Sarah had been in the same room with him, and she didn't recall any dragons being mentioned, or holes, or a dragon trying to bite his horse… which meant Max had probably just made that up on the spot. She didn't know how that factored into his brain development, but she made a mental note of it.
"Well congrats to your horse!" Carina said without missing a beat.

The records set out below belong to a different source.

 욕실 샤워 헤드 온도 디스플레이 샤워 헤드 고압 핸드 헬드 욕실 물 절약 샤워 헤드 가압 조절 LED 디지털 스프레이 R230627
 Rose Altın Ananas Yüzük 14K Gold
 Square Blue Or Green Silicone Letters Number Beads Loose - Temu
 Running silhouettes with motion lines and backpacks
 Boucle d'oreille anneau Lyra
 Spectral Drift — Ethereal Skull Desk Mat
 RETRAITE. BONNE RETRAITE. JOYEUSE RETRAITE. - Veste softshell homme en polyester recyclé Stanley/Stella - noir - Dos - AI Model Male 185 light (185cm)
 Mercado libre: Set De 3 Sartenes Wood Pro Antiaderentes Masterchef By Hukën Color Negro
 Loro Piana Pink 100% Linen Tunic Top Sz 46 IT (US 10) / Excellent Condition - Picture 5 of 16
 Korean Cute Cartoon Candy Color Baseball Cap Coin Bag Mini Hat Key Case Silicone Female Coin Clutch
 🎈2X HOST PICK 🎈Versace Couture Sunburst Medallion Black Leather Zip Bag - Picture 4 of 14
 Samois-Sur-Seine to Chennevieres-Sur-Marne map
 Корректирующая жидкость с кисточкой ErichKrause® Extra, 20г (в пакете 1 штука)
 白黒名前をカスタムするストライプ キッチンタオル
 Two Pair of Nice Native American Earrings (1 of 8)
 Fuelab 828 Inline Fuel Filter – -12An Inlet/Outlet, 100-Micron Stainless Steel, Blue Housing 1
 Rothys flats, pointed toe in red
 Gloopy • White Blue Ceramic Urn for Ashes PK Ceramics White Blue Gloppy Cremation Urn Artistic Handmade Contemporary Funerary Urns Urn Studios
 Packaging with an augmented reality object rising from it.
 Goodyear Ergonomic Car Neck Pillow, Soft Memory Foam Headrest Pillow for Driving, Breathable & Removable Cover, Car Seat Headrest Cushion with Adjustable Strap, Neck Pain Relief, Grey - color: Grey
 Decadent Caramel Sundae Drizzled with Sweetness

Max squirmed the way he always did when he wanted to be put down, and Carina knew him well enough to stoop and put him on his own two feet, and they both watched as the toddler dashed over to pick up his horse and hold it to his ear. Then he pulled it away. "HE SAY TANKS!"
The two women laughed, sharing a look.
"Well, Max, why don't you say bye to your mom for now and we'll get going. Let's try to miss the beginning of rush hour, huh?"
"What dat? Rush…?"
"Rush hour, Max." Sarah came around her desk to pick Max up and prop him on her hip. "Everybody who's at work like Mommy and Auntie Carina have to go home at the end of the day, and they all rush onto the streets and freeways in their cars at the same time so that it gets all clogged up."
"Oh. It bad?"
"It is bad. It's kind of the worst."
Max threw his arms around her neck and squeezed. "Okay bye Mommy!" She was forced to put him down as he practically leapt out of her arms, pushing against her. And then he ran past Carina to the door. "C'mon, Rina! We ha' to beat rusk!"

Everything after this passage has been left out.